Practically, the Camino bust my backpack, it bust my boots (and I need the next larger size now LOL), it stole my phone, it stole my camera and virtually all my 2014 photos, and my Staff of 15 years good friendship has just now shivered over nearly its entire length – and yet all of these things simply bring to mind the sheer beauty of that part of the return journey on the Camino that I was able to do, how natural it felt, how proper, so that for the very first time in my career as a Pilgrim of Santiago, I’m feeling myself subjected to the very feeling that I’ve warned so many others about, of feeling “stuck”, over there, yonder on the Camino and detached from the true destination of one’s pilgrimage – Home.

Religiously, last year was a failure. It is quite clearly not insignificant that I found myself unable to perform my ordinary Catholic religious duties at the Cathedral – and I mean physically unable, not religiously – especially given that this physical difficulty has become quite annoyingly persistent on the Sundays.

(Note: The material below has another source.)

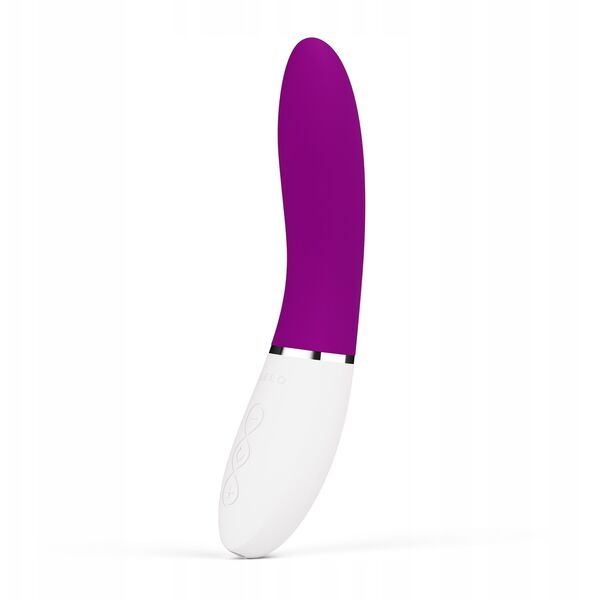 LELO - LIV™ 3 G-SPOT STIMULATOR Ροζ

Financially – LOL what a disaster !!!

Mentally, all I’m doing now is biding my time and trying to kid myself that there’s any other real possibility other than getting back to Santiago to actually complete this Pilgrimage and then to walk back from there to France.

I feel lost – not mentally nor in fact spiritually, but geographically ; as if I’m not where I’m supposed to be, almost as if I’m living my current circumstances as a squatter instead of being where I belong – elsewhere.

I want to walk to the Pyrenees and over them, to France and home, from my favourite city in Spain, and to go and get there all that I lost, all I suffered, and bring it back with me as precious belongings so that I shall at last take them home with me in my heart and body and memory and soul.

I have lost something on the Camino – and I need to go and get it back.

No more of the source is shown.